• Exercise data:
- Opening Delimiter -

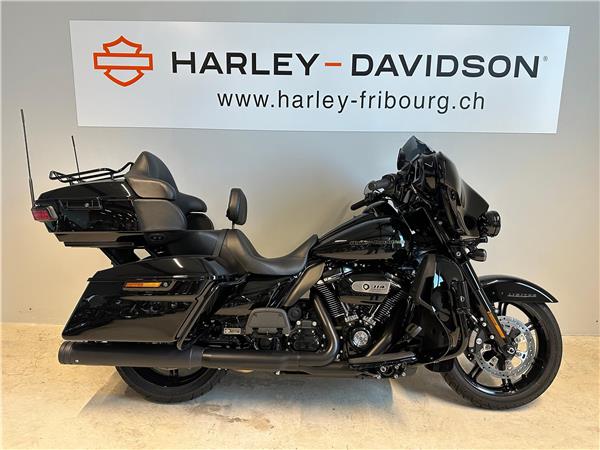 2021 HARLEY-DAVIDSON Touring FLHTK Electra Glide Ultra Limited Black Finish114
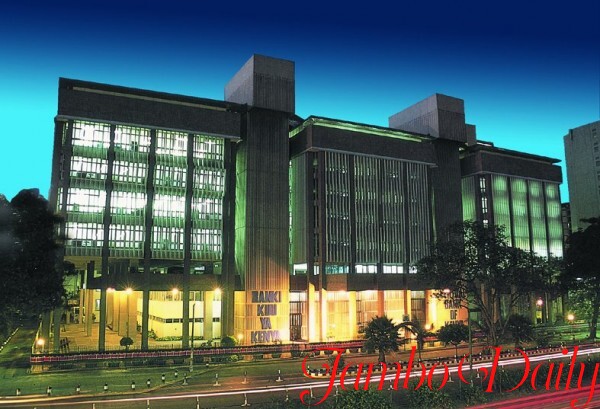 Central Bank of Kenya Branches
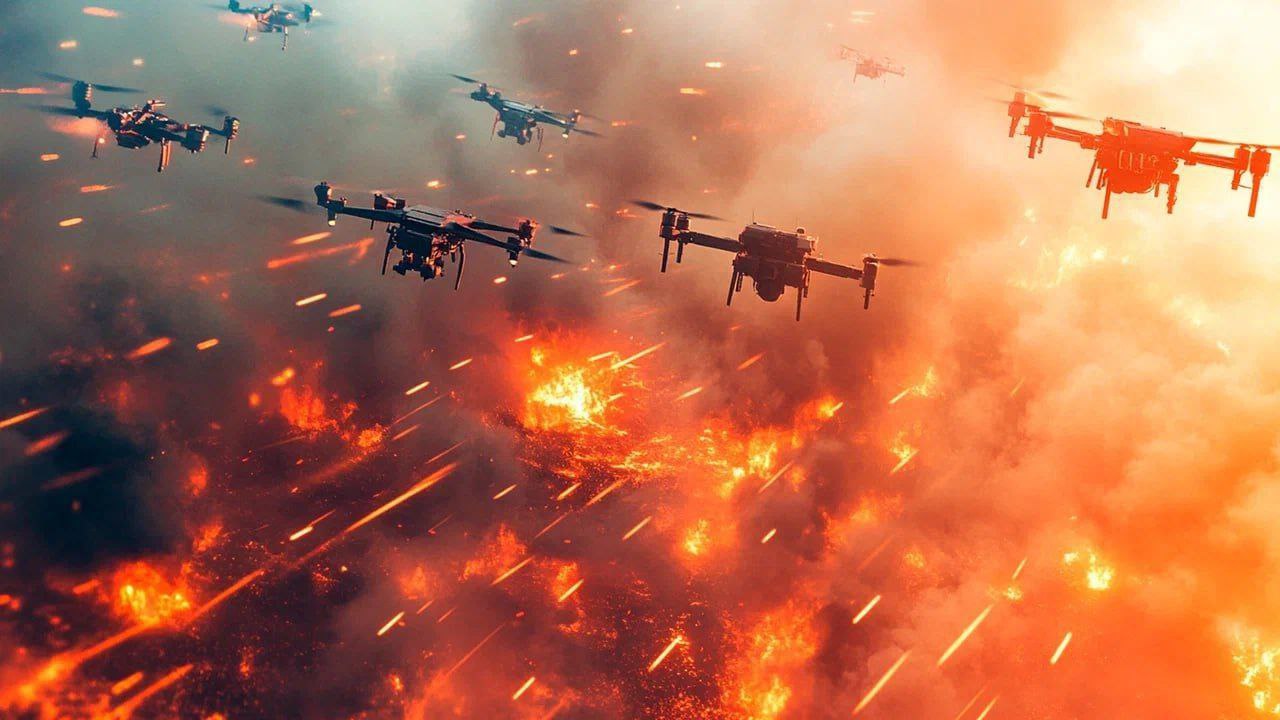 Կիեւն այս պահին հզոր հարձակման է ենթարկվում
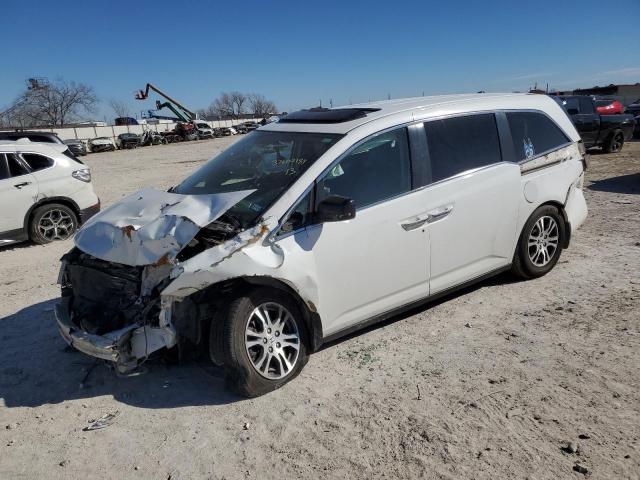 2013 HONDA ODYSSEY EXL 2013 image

- Closing Delimiter -

Please transcribe the whole listing above exactly, with the images left out.

 2021 HARLEY-DAVIDSON Touring FLHTK Electra Glide Ultra Limited Black Finish114
 Central Bank of Kenya Branches
 Կիեւն այս պահին հզոր հարձակման է ենթարկվում
 2013 HONDA ODYSSEY EXL 2013 image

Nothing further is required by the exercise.